[I've been
reading]
Between Silk and Cyanide

This book has been called one of the last great war memoirs. It is a first hand account of Mark’s time working for the British Intelligence code bureau as a code cracker. This was back in the days when they still employed teams of young women to try to crack codes by brute force methods and Marks would often explain how they would only get an agent’s missent code cracked after 2,000 or 3,000 tries. The advent of computers into the world of math and science has rendered most of the practices in this book quaintly obsolete which is one of the reasons it makes such good reading. Another reason is that Marks’s father is the Marks who owned 84 Charing Cross Road, a famous British bookstore and peppers his text with anecdotes about that well-loved landmark.

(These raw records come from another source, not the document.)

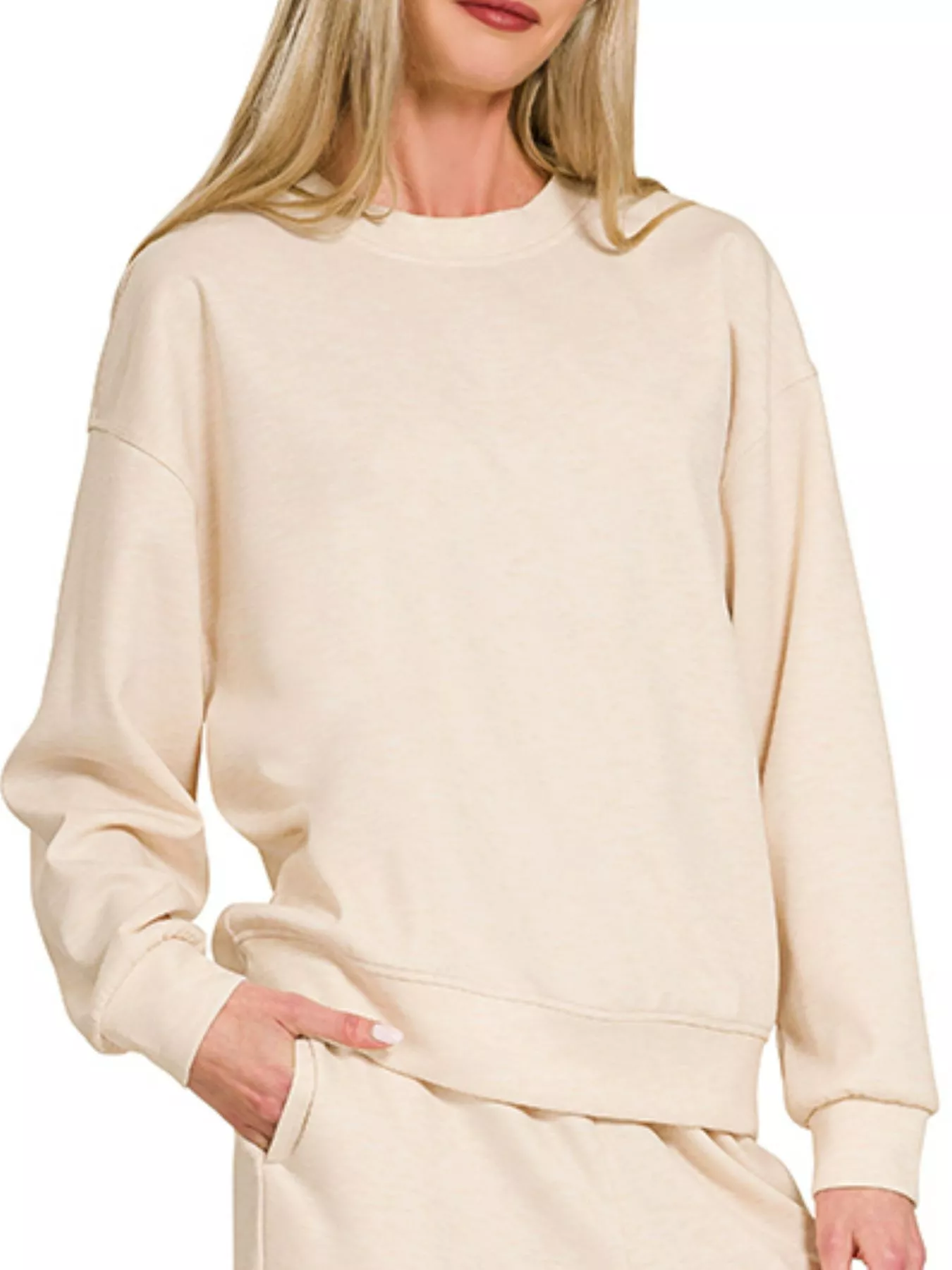 Zenana Scuba Crewneck Pullover and Pants Set - Image 3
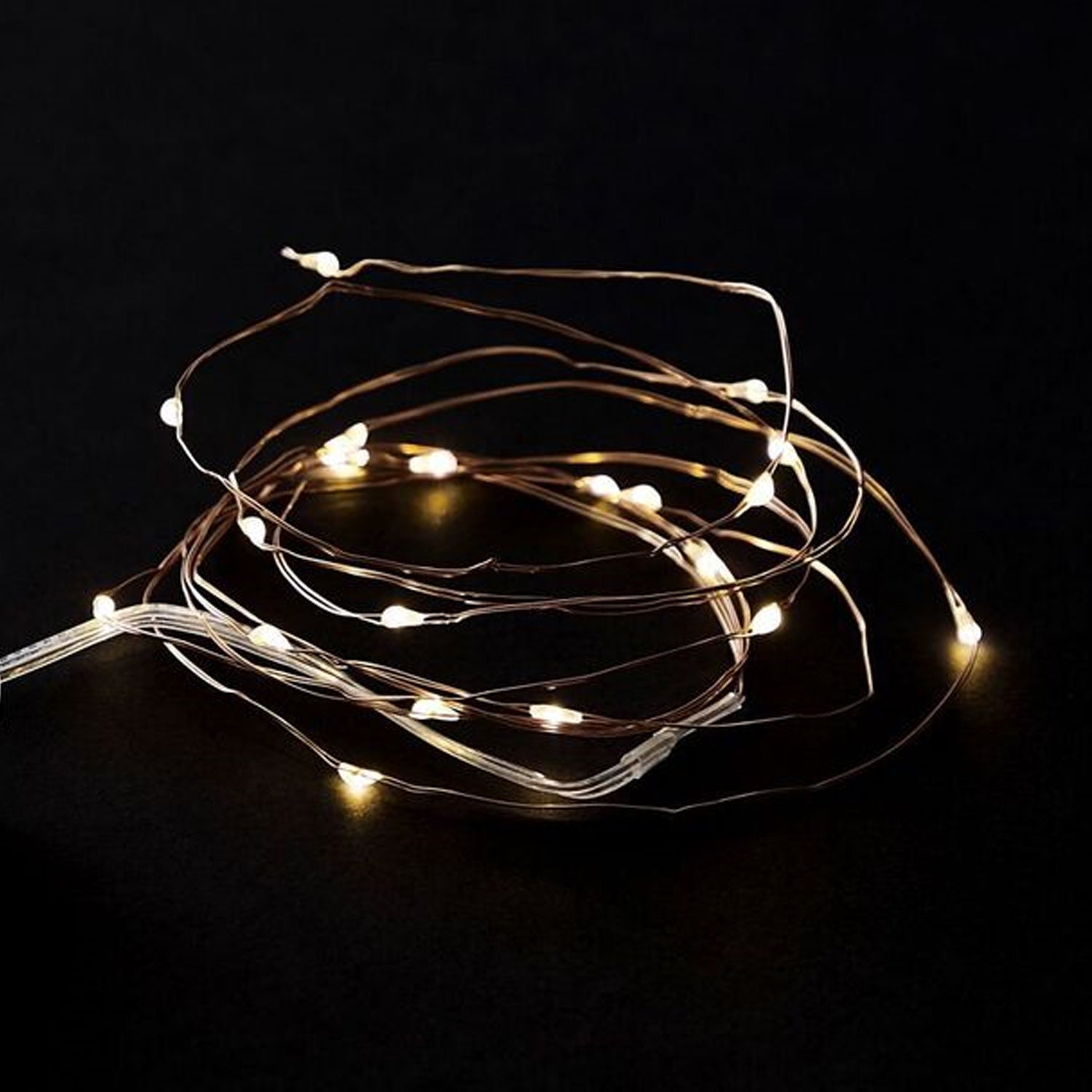 Battery-powered LED cork lights for bottles, copper wire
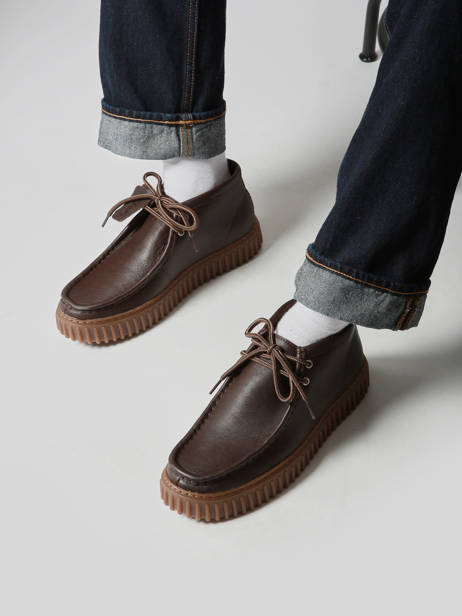 Enkelhoge Derby Veterschoenen Torhill Uit Leder Clarks Bruin men 26183425 ander zicht 1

As in many war memoirs, Marks is the hero of all of his stories and paints himself to be quite the character. Each chapter shows him going up against the military higher-ups who he is sure will fire him but he always remains employed and victorious. He is the codemaster responsible for the troops using silk code sheets [easily hidden, easily destroyed] to encode their agents' messages towards the end of the war. If I had one objection to this bok, it would be that looking at WWII -- an event of unspeakable horror for many members of my family as well as the families of others -- through the eyes of a desk-jockey, can be a bit off-putting. You see people making understandable mistakes, but ones that endanged the lives of others who are on the front lines and you wince over and over again.